Title VII and ADEA claims are governed by identical standards.See Damon v. Fleming Supermarkets of Florida, Inc., 196 F.3d 1354, 1358 (11th Cir. 1999). Federal cases interpreting Title VII and the ADEA apply to cases arising under the FCRA. Harper v. Blockbuster Entertainment Corp., 139 F.3d 1385, 1387 (11th Cir. 1998); Brown v. Distrib. Co. of West Palm Beach v. Marcell, 890 So. 2d 1227, 1230 n. 1 (Fla. Dist. Ct. App. 2005). Cases brought pursuant to Florida Statute § 112.042 require that Plaintiff show that she was discriminated against "solely because of" her race or sex and that she is the most competent individual who is able to perform the services required. Housing Auth. of City of Sanford v. Billingslea, 464 So. 2d 1221 (Fla. Dist. Ct. App. 1985).

Plaintiff's claims are based on circumstantial evidence as opposed to statistical proof or direct evidence of discriminatory intent.

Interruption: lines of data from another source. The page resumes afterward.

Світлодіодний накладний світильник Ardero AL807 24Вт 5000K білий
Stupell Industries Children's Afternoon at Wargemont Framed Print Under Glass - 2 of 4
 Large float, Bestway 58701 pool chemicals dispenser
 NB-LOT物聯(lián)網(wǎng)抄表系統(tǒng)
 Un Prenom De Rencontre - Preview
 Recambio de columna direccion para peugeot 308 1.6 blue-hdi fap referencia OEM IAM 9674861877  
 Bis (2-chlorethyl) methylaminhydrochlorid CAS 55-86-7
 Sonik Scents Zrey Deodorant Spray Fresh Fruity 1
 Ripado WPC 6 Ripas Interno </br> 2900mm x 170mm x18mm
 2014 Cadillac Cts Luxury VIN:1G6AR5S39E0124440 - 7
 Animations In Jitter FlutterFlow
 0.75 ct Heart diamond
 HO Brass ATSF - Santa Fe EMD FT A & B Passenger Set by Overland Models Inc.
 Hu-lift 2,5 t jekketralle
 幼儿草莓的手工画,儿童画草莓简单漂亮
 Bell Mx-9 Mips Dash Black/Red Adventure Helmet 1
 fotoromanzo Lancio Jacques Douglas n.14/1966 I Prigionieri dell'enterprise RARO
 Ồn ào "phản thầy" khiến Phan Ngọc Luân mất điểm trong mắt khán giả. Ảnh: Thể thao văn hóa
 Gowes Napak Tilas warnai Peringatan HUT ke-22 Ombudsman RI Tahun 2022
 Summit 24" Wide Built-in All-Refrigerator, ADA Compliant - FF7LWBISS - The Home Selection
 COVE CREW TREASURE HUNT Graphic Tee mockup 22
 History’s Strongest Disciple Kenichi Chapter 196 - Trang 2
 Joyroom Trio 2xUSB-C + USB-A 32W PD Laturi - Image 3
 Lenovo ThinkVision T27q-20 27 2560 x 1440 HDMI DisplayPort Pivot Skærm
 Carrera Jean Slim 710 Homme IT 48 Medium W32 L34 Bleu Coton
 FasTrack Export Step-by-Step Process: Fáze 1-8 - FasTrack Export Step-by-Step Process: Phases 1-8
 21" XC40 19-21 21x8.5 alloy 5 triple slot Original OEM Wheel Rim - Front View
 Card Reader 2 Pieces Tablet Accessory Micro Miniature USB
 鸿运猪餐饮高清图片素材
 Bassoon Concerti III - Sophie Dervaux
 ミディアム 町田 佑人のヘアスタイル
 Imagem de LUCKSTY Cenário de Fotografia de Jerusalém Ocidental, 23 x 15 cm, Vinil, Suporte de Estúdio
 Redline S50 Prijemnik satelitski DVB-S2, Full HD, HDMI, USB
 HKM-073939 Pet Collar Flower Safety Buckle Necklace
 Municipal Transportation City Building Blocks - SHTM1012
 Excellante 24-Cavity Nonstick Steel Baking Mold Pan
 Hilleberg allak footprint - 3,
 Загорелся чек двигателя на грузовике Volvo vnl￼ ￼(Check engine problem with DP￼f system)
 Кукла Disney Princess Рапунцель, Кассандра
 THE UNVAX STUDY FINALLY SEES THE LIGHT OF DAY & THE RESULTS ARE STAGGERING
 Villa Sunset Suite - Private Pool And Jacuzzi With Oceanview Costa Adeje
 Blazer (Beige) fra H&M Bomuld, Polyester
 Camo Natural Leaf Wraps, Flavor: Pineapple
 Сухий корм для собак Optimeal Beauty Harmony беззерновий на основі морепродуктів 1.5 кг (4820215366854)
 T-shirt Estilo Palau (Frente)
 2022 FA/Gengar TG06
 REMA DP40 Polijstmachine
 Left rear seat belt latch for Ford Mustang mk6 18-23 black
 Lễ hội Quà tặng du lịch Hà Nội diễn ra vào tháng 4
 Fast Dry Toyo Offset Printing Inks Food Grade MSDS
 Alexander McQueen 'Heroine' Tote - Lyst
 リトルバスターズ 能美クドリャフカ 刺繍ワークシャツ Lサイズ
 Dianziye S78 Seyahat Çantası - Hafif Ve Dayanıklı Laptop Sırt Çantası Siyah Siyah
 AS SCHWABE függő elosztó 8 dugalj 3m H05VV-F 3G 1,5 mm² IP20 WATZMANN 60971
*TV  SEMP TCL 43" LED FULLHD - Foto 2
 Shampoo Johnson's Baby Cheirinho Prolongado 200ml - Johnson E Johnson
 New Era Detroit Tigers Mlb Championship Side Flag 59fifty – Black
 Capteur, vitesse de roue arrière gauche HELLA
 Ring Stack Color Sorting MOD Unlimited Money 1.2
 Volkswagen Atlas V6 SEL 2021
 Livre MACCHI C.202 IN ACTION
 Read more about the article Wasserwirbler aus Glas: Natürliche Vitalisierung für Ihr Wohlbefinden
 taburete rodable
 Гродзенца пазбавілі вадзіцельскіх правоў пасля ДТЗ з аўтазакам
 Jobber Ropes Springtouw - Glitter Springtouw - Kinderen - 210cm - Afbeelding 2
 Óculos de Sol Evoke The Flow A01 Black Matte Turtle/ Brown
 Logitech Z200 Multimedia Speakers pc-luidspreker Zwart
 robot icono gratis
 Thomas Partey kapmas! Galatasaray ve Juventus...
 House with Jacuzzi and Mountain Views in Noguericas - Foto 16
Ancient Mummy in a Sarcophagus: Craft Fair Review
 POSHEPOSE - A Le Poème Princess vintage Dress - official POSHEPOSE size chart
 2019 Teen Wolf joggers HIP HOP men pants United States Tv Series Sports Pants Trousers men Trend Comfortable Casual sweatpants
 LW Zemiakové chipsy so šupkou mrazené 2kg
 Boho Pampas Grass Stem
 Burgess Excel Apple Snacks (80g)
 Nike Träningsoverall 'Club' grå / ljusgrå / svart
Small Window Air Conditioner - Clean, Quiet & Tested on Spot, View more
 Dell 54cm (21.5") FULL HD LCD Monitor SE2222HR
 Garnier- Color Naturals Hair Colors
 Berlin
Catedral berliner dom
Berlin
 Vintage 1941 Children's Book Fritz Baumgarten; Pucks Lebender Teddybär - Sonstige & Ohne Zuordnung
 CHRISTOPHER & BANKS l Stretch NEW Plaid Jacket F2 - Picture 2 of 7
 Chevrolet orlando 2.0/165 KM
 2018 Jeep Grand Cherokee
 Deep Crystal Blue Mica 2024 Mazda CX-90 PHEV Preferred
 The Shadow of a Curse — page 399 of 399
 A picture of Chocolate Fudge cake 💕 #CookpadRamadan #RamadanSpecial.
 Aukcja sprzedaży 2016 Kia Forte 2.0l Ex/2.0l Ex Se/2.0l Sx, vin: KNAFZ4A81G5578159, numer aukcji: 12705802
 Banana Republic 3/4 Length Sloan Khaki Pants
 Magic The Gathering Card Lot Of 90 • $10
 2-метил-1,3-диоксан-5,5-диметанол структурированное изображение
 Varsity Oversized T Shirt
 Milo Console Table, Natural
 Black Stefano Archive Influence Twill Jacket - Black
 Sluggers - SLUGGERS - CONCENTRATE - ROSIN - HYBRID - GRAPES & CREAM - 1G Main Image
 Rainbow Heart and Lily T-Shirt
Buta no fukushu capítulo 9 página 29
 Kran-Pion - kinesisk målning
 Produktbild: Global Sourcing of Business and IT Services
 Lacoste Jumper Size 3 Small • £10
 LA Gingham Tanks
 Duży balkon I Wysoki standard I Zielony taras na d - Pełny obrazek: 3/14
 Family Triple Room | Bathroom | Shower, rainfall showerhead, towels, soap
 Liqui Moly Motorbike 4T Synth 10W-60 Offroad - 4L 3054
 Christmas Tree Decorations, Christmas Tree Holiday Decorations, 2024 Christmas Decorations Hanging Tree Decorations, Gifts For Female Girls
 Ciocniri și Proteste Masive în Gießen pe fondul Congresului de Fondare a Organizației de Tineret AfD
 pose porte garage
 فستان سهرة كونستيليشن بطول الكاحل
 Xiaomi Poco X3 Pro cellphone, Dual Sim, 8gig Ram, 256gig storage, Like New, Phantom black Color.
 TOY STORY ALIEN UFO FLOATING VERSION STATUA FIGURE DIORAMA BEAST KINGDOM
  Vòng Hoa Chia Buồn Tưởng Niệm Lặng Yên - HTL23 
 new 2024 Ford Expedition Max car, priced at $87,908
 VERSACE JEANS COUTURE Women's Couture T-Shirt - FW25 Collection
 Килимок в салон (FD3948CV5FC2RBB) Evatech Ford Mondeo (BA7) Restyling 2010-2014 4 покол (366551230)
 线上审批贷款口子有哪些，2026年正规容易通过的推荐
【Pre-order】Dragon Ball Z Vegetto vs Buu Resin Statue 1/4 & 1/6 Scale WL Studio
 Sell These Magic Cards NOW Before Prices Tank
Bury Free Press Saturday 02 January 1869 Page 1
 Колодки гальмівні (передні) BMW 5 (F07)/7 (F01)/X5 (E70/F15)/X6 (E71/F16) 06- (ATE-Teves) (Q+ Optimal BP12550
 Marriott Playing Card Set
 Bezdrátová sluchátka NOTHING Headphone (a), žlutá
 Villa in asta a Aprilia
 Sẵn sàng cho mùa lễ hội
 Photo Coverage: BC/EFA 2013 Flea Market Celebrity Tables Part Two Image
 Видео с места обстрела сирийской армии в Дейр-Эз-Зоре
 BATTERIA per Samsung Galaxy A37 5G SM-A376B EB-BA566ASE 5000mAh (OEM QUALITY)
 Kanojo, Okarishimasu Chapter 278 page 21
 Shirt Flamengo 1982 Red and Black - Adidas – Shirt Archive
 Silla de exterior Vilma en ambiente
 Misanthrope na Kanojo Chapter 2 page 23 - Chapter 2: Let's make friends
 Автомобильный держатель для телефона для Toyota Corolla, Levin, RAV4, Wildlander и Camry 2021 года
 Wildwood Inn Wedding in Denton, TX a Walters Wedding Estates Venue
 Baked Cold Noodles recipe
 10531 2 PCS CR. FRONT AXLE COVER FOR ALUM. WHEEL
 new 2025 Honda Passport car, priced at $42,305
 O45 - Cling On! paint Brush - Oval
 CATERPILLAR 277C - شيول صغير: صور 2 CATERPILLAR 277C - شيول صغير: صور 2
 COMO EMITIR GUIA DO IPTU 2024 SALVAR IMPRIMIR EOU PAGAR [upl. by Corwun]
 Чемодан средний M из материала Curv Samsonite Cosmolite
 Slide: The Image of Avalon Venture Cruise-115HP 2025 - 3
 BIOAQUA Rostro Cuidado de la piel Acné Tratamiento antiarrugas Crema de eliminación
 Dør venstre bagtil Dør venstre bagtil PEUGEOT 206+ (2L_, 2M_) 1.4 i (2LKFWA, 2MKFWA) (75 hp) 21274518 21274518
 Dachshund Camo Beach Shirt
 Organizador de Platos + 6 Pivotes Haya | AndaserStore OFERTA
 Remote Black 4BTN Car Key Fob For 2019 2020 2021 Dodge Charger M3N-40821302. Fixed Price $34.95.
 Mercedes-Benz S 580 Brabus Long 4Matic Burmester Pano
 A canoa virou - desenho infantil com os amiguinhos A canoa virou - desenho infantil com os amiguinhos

Where direct evidence of discrimination is unavailable, a plaintiff may establish a prima facie case of discrimination through circumstantial evidence under the framework set forth inMcDonnell Douglas Corp. v. Green, 411 U.S. 792, 802-804 (1973);see Holifield v. Reno, 115 F.3d 1555, 1561-62 (11th Cir. 1997).

Under this framework, the plaintiff must "create an inference of discrimination through [her] prima facie case." Vessels v. Atlanta Independent School System, 408 F.3d 763, 767 (11th Cir. 2005). If a prima facie case has been shown, then the defendant must "articulate some legitimate, nondiscriminatory reason for the [adverse employment action]." McDonnell Douglas, 411 U.S. at 802. The defendant's burden is one of production; it need not persuade the court that it was actually motivated by the proffered reasons. See Chapman v. A1Transport, 229 F.3d 1012, 1024 (11th Cir. 2000) (internal citations and quotations omitted).

If the defendant satisfies the burden of production, the plaintiff has the opportunity to come forward with evidence, including the previously produced evidence establishing the prima facie case, sufficient to permit a reasonable factfinder to conclude that the reasons given by the employer were not the real reasons for the adverse employment action. See Chapman v. A1Transport, 229 F.3d 1012, 1024 (11th Cir. 2000);Reeves v. Sanderson Plumbing Prods., Inc., 530 U.S. 133, 148 (2000) ("[A] plaintiff's prima facie case, combined with sufficient evidence to find that the employer's asserted justification is false, may permit the trier of fact to conclude that the employer unlawfully discriminated.").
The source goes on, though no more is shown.